#### Image-text web data:
__________

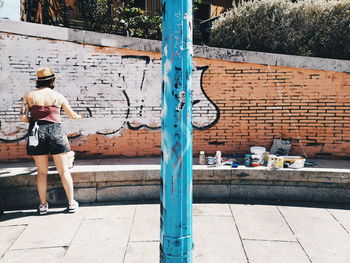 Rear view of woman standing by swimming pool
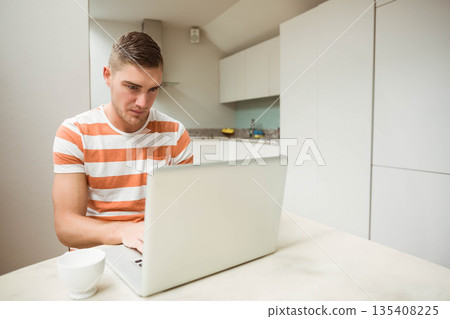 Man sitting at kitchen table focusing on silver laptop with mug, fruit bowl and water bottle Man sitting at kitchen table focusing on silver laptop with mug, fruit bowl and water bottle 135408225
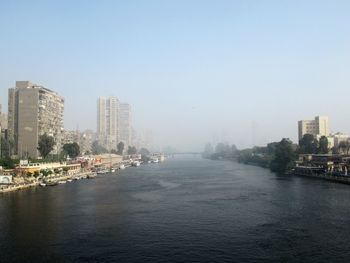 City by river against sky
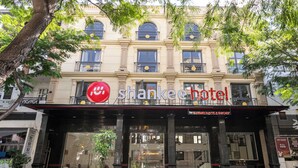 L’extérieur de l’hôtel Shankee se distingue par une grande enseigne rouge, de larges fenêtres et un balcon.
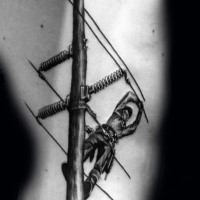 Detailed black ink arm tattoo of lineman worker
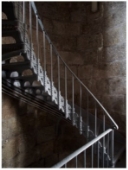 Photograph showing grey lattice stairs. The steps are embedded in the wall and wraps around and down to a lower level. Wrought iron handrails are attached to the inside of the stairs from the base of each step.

__________

#### THE TASK:
Restate every line above exactly, omitting images.

#### EXPECTED ANSWER:
 Rear view of woman standing by swimming pool
 Man sitting at kitchen table focusing on silver laptop with mug, fruit bowl and water bottle Man sitting at kitchen table focusing on silver laptop with mug, fruit bowl and water bottle 135408225
 City by river against sky
 L’extérieur de l’hôtel Shankee se distingue par une grande enseigne rouge, de larges fenêtres et un balcon.
 Detailed black ink arm tattoo of lineman worker
 Photograph showing grey lattice stairs. The steps are embedded in the wall and wraps around and down to a lower level. Wrought iron handrails are attached to the inside of the stairs from the base of each step.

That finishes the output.